The purpose of the meeting was to evaluate certain food additives and ingredients, flavouring agents, and a natural constituent of food.
An initiative between the UN-backed Food and Agriculture Organisation (FAO) and the World Health Organisation sparked the birth of JECFA - that gives us the commonly used acceptable daily intakes (ADIs) in food - in 1955. The role of the expert scientific committee is to 'address the technical and administrative aspects of chemical additives and their safety in food.'
Food additives under discussion at the meeting earlier this month include benzoyl peroxide, a-cyclodextrin, lutein from Tagetes erecta L., D-tagatose, and zeaxanthin.
Commenting on the decisions at the meeting, tagatose inventor Spherix international said: "JECFA has removed its former limit on daily consumption of the low-calorie, full-bulk sweetener. The new announcement should lead to expanded permitted uses of tagatose as a food additive throughout the international community." Since 1996 Scandinavian firm Arla Food Ingredients has produced and commercialised the tooth-friendly sweetener, approved for use in the US, Korea, and Australia/New Zealand.

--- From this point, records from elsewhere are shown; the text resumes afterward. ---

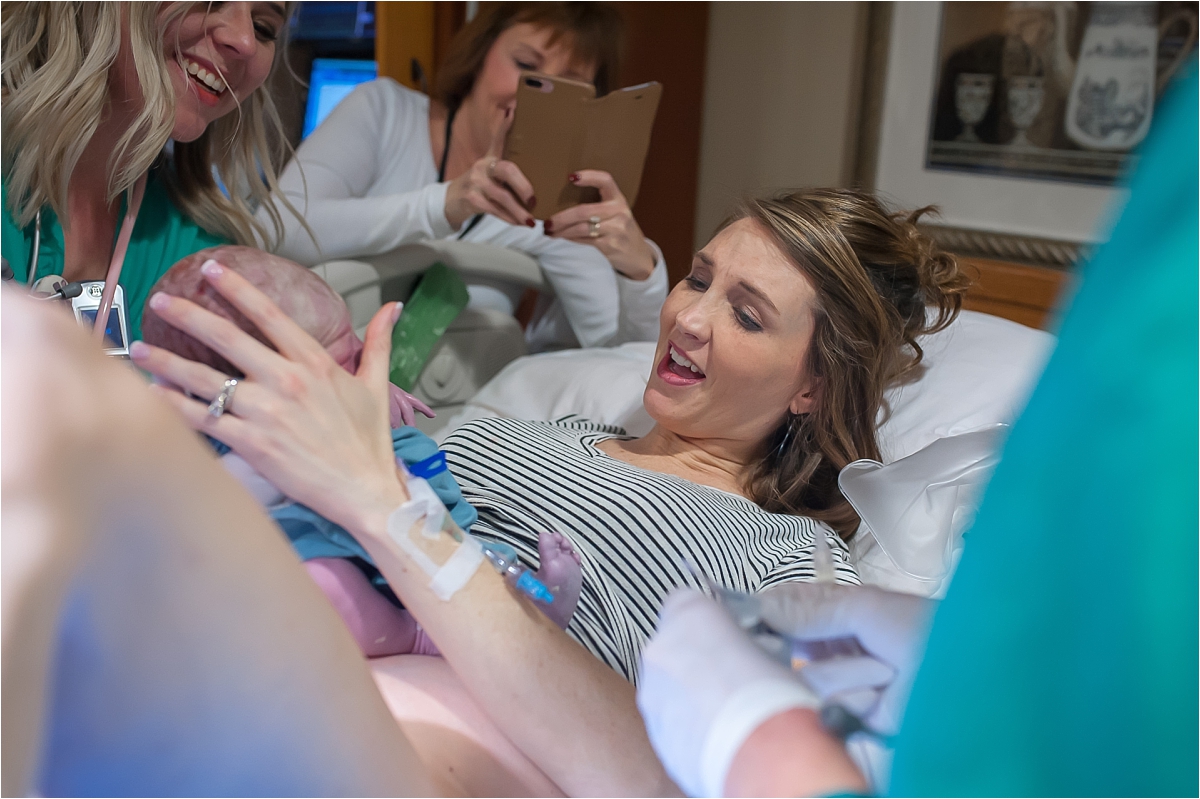 Mother smiling at newborn after birth at Kennestone Labor and Delivery in Marietta GA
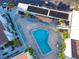 Community pool with surrounding lounge chairs and patio area at 175 Medallion Blvd # F, Madeira Beach, FL 33708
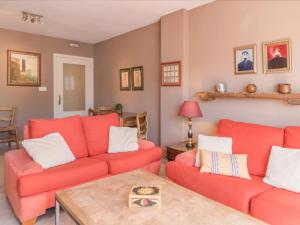 a living room with two red couches and a table at Apartment Las Terrazas by Interhome in Marbella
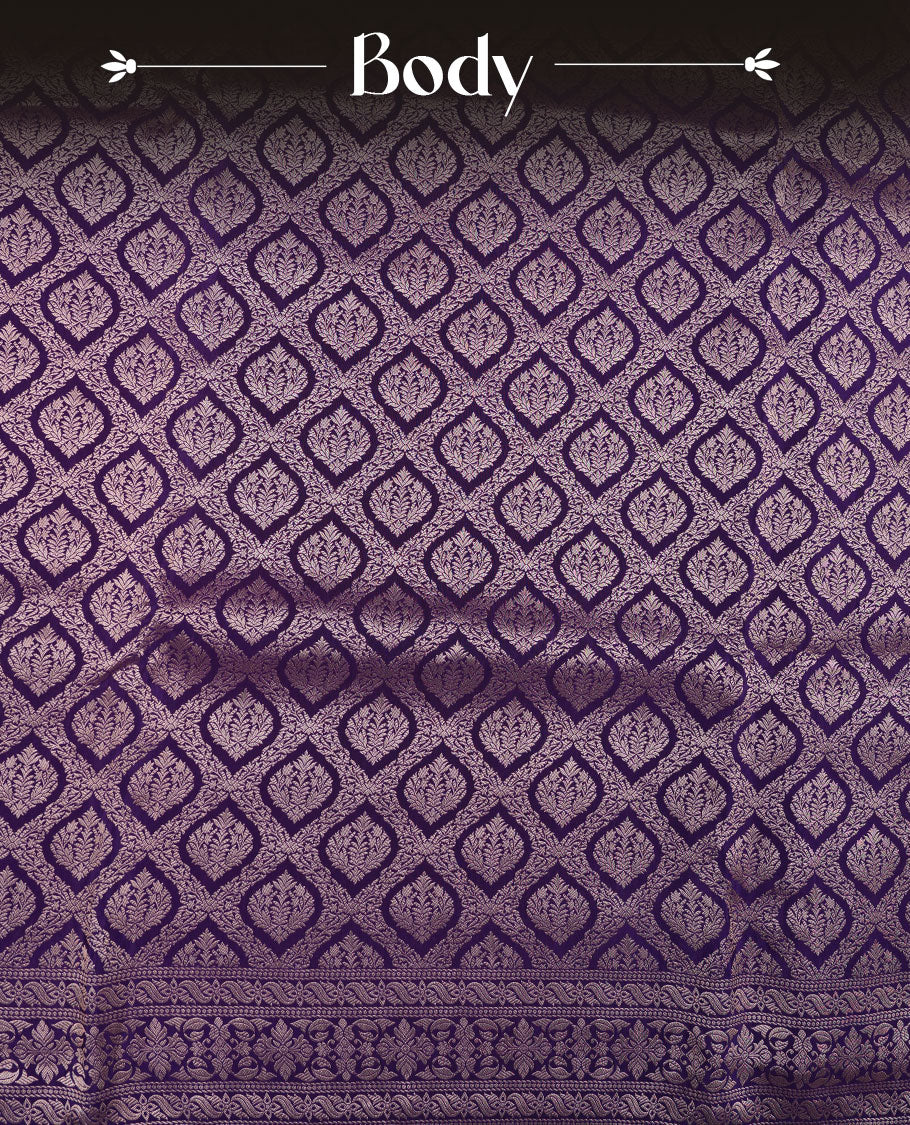 Deep purple colour banaras satin crepe saree featuring gold zari pattern across body, with self colour border with gold zari pattern and paired with matching blouse.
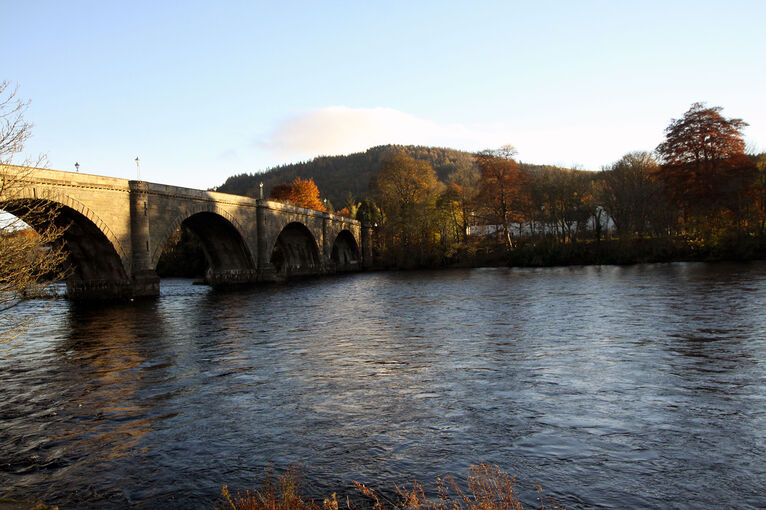 The River Tay running through Dunkeld on a sunny evening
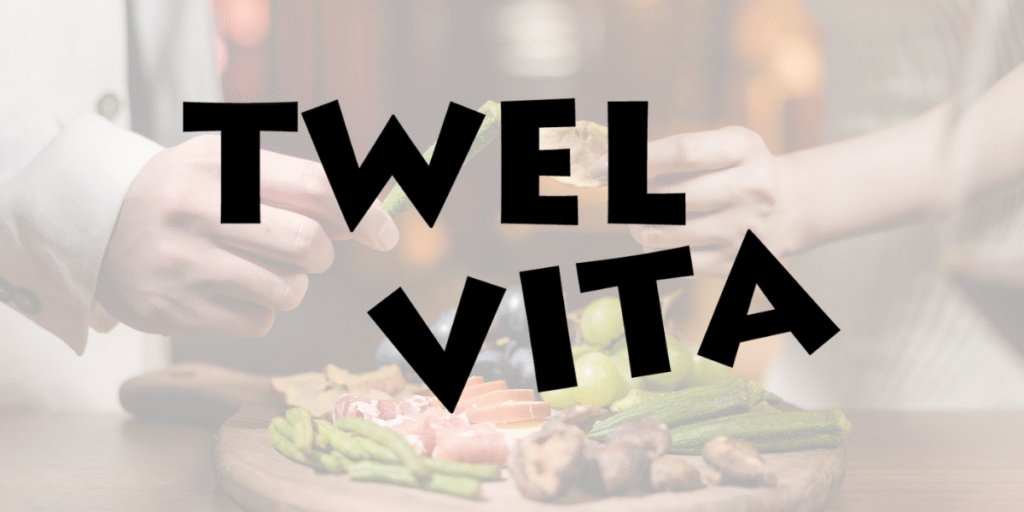 Twelvita: Healthy Snacks That Focus on Natural Ingredients Twelvita snacks shared between two people, featuring fresh vegetables and meats on a wooden platter.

A host of flavouring agents were evaluated and cleared for 'no safety concerns' including indole, 6-methylquinoline, skatole, 2-pentylpyridine, methyl nicotinate, terpinolene and bisabolene.
Dr John Larsen at the Danish Institute of Food and Veterinary Research, Denmark, served as chairman of the sixty-third meeting held in Geneva earlier this month and Inge Meyland, from the same institute, filled the role of vice-chairman.
A full account of the expert evaluations can be acquired from the JECFA site.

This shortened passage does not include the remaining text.